Tackle and do: why it is sometimes useful to score on the analysis and just develop

    We have been developing Macroscop for almost ten years. And during this time, in the development of intelligent modules, a very solid and serious approach to the creation of new functions has emerged. On the one hand, it is very good. The seriousness of intent comes close to the high quality of the product. But at the same time, solidity can border on the slowness and inoperability of the process.

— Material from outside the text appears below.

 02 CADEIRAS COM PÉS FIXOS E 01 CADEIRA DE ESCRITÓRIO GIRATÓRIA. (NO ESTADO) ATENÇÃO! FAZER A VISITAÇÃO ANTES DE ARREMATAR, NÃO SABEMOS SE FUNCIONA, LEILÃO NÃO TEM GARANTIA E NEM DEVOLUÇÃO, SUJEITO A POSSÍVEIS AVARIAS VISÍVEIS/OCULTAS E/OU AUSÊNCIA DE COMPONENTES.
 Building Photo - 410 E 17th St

    Just a couple of years ago, when requests from users came to us to develop something new (not included in the master plan for product development), we had a long time forecasting terms, evaluating the versatility and relevance of the function among a wide range of users. And often they either refused, or estimated implementation dates as very long. But one day we received a request for a large project. In case of successful and quick implementation, the user’s missing function, prospects and scale of implementation of Macroscop were very good. And we started to try! We had a tight time frame, a responsive and helpful user and complete freedom of action.



    And ... everything turned out!

    We made a new feature in a short time. In addition, it was accurate and fast. All were satisfied: the user received the coveted intellectual module, the developers got a great experience, the company - sales.
    This practice marked the beginning of a new approach to the development of intellectual functions in Macroscop: we have become more and easier to meet our users. And it gives its results.

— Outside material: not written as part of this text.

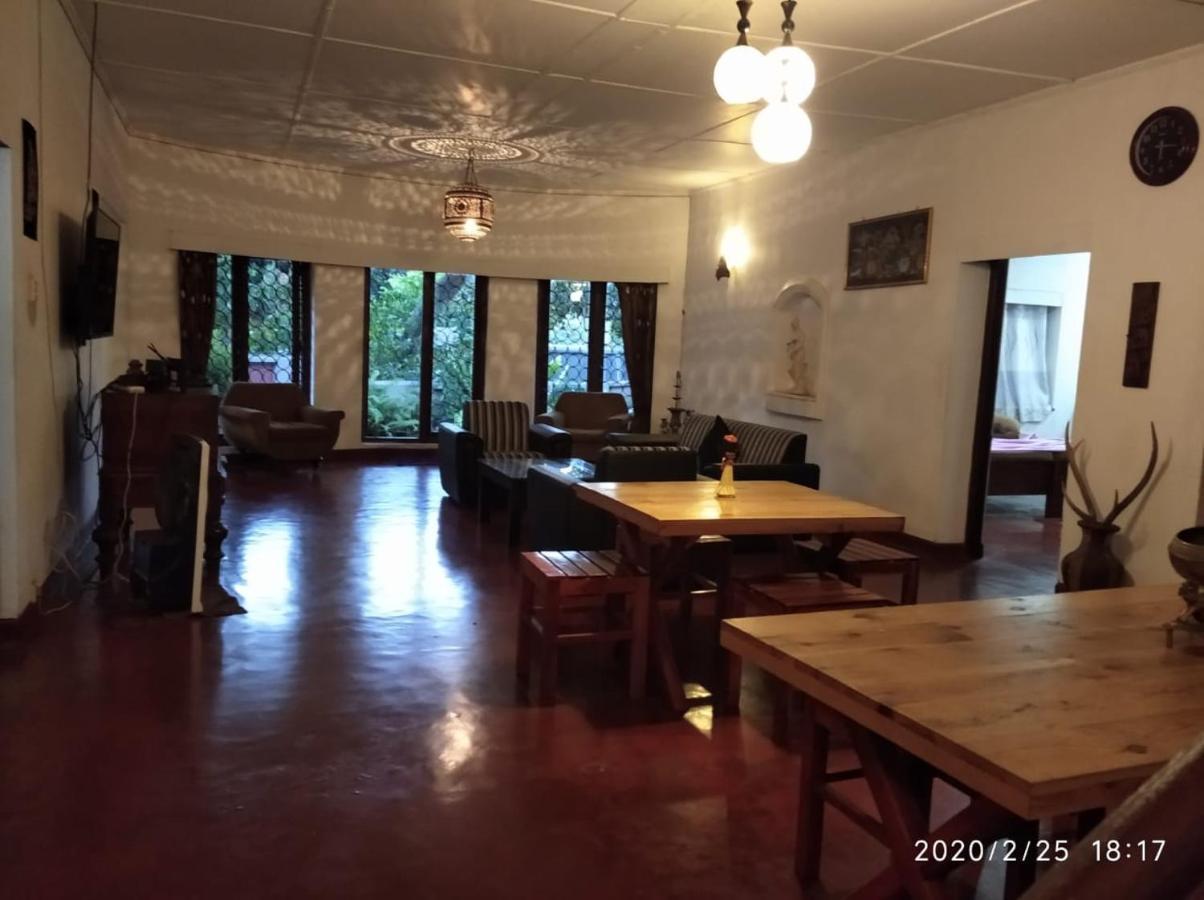 Don'S Lounge & Villa Kandy Exteriör bild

    The most important thing is to identify the real need of the user and together with him clearly formulate the task. When it comes to the rapid development of functions “to order” (hereinafter, we will call them quick functions), it is necessary to stipulate the requirements: what the user wants to see in the end, what to do with accents. Because, conditionally, one needs to work in the first place, others to look cool. When we undertake a fast function, it is not a question of that, as a result, it will work in any conditions with 100% accuracy. We undertake to check the idea itself and try to create for the beginning something that works adequately and is acceptable for use on one particular object. And then, if successful, we refine and bring it to a universal product with good performance.

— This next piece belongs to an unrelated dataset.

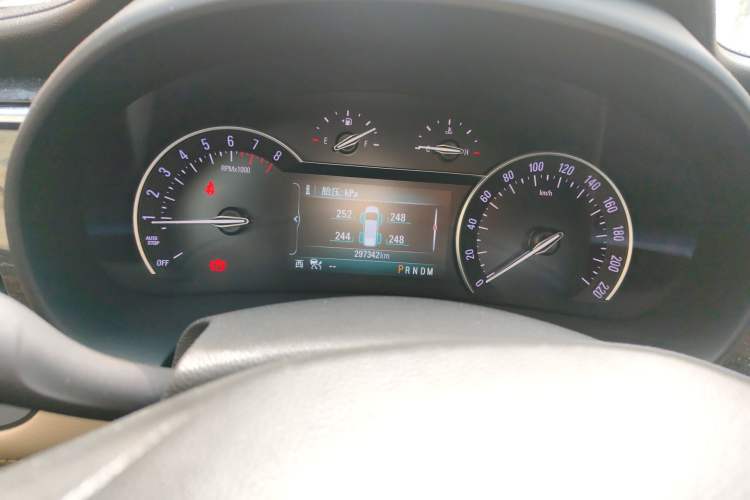 Used Buick GL8 2017 ES 28T Flagship Model China V Standard Odometer Close Up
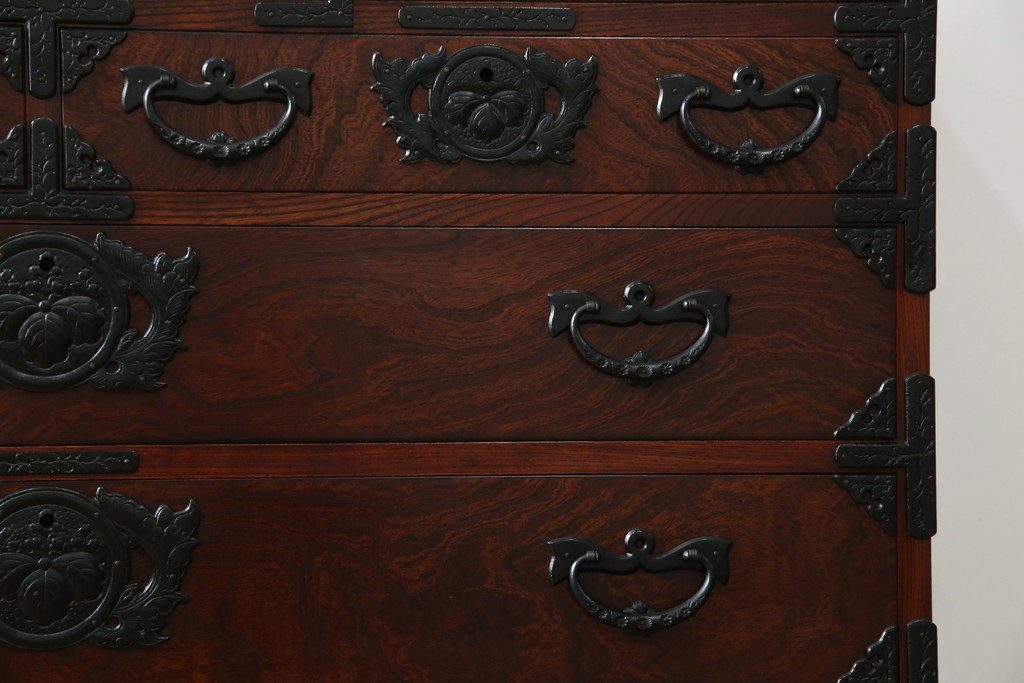 中古　美品　岩谷堂箪笥　力強い木目と重厚感ある金具が魅力の和箪笥　(R-064358)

    When setting the task and priorities are clear, we take on the development. For a short time we are developing a prototype that the user can already appreciate. And give it to the test. If what we have done correlates with what the user needs, and in general he likes, and the method we have used in the development has not yet exhausted itself and has prospects for improving the function, we go further. If it turned out quite differently and not at all, we close the project. And since this happens at an early stage, we lose almost nothing.

    With this approach, developers and users should go as far as possible.each other. The user is also required to be included in the process: it is necessary to thoroughly test the prototype on different cameras and in different conditions, try different settings and press different buttons, give exhaustive feedback: what is convenient, what is not convenient, what does not work as he assesses accuracy, how much the server loads, etc.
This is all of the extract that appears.